*What needs to be done*
Only the pictures are to be dropped; the rest of the data below is to be duplicated exactly.

*Dataset section*
- - - -
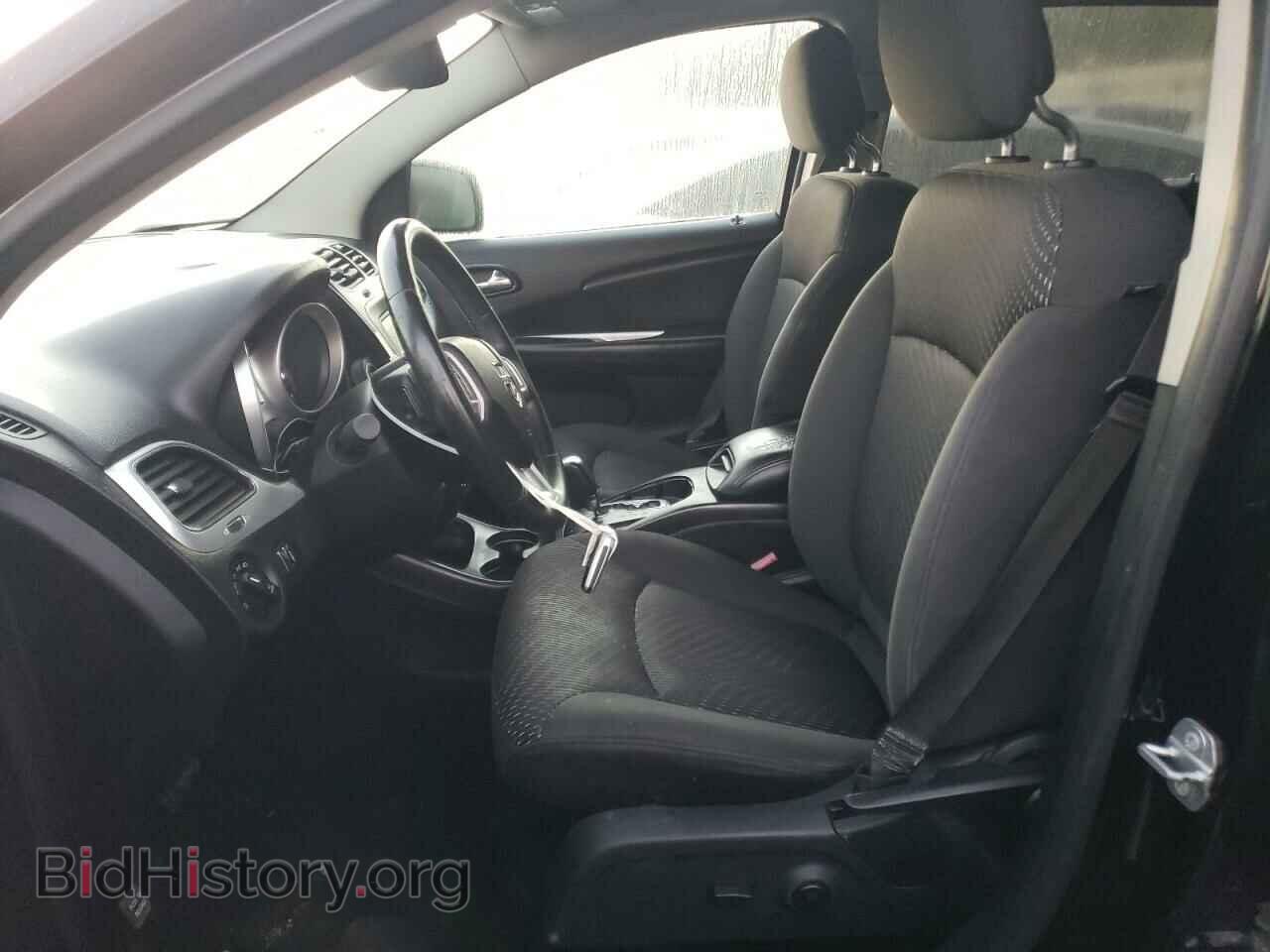 2017 DODGE JOURNEY - VIN: 3C4PDCBG4HT554767 - Фото 7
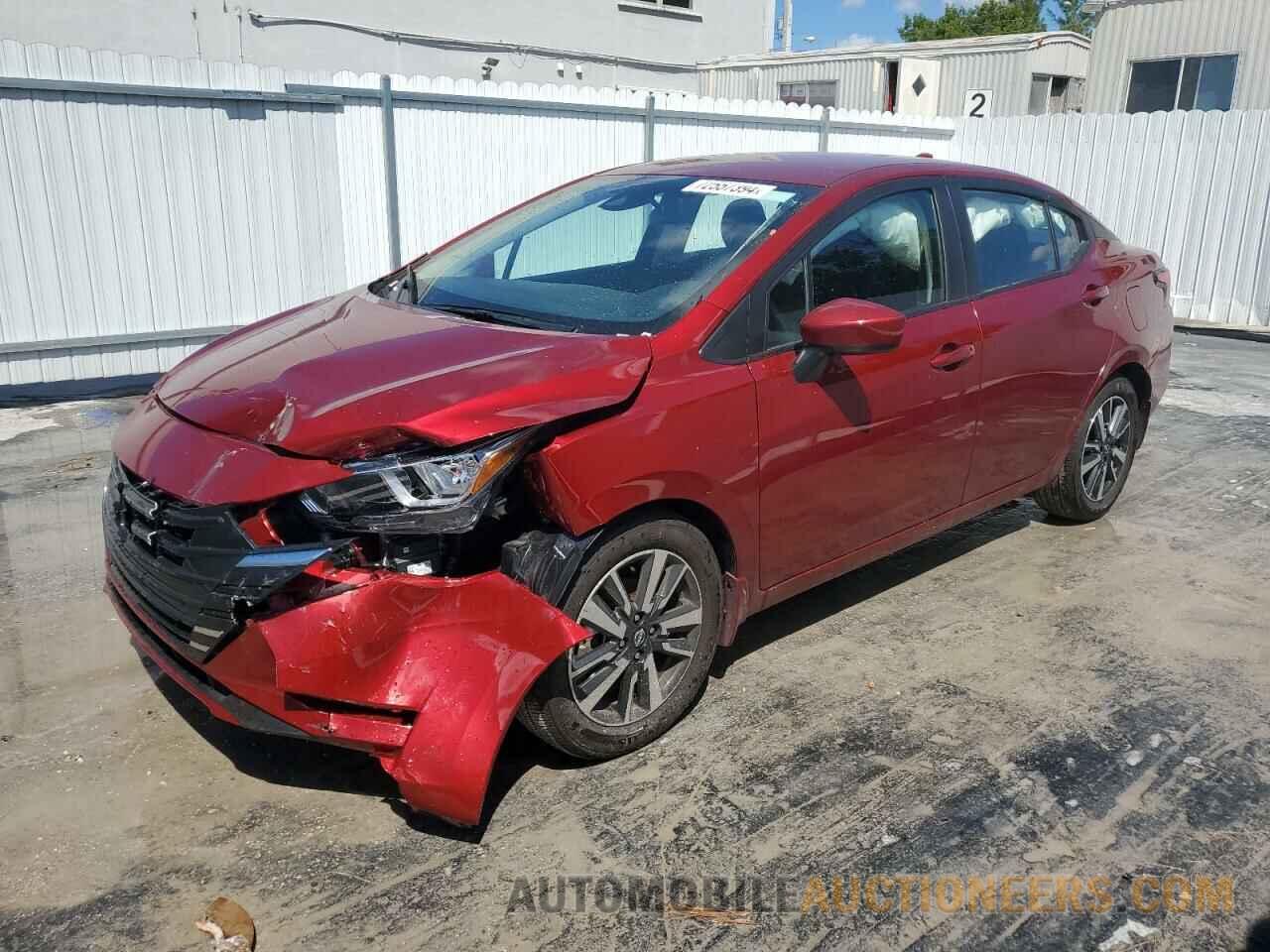 3N1CN8EV7RL867903 NISSAN VERSA 2024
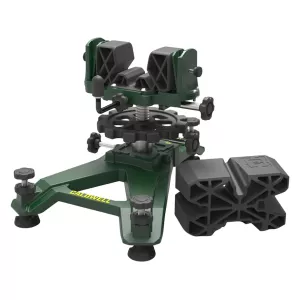 Caldwell Rock BR 2 Front Shooting Rest and Rear Rest Combo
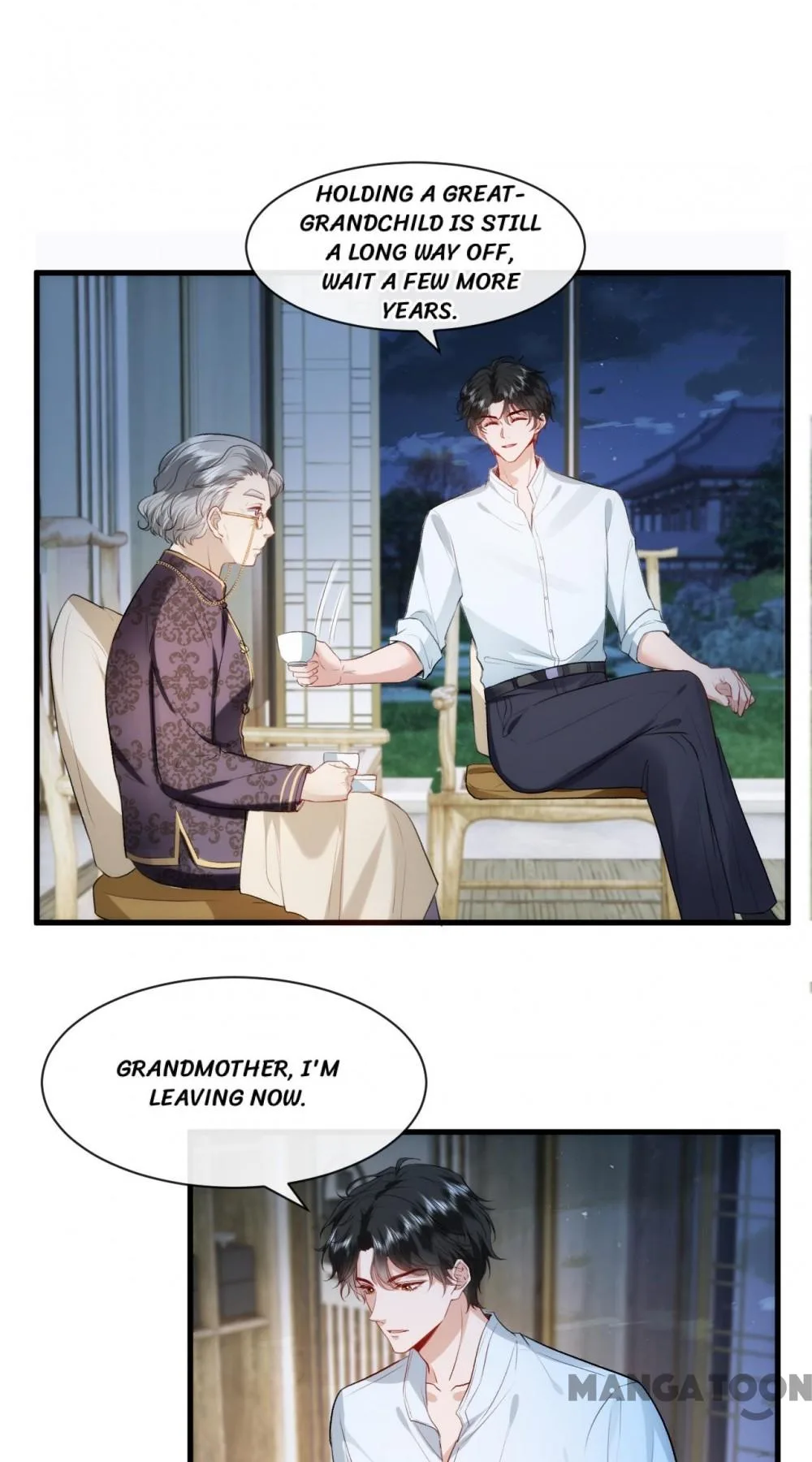Madam and Her Daily Online Face-Slapping Chapter 31 page 33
- - - -
*Answer for the task*
 2017 DODGE JOURNEY - VIN: 3C4PDCBG4HT554767 - Фото 7
 3N1CN8EV7RL867903 NISSAN VERSA 2024
 Caldwell Rock BR 2 Front Shooting Rest and Rear Rest Combo
Madam and Her Daily Online Face-Slapping Chapter 31 page 33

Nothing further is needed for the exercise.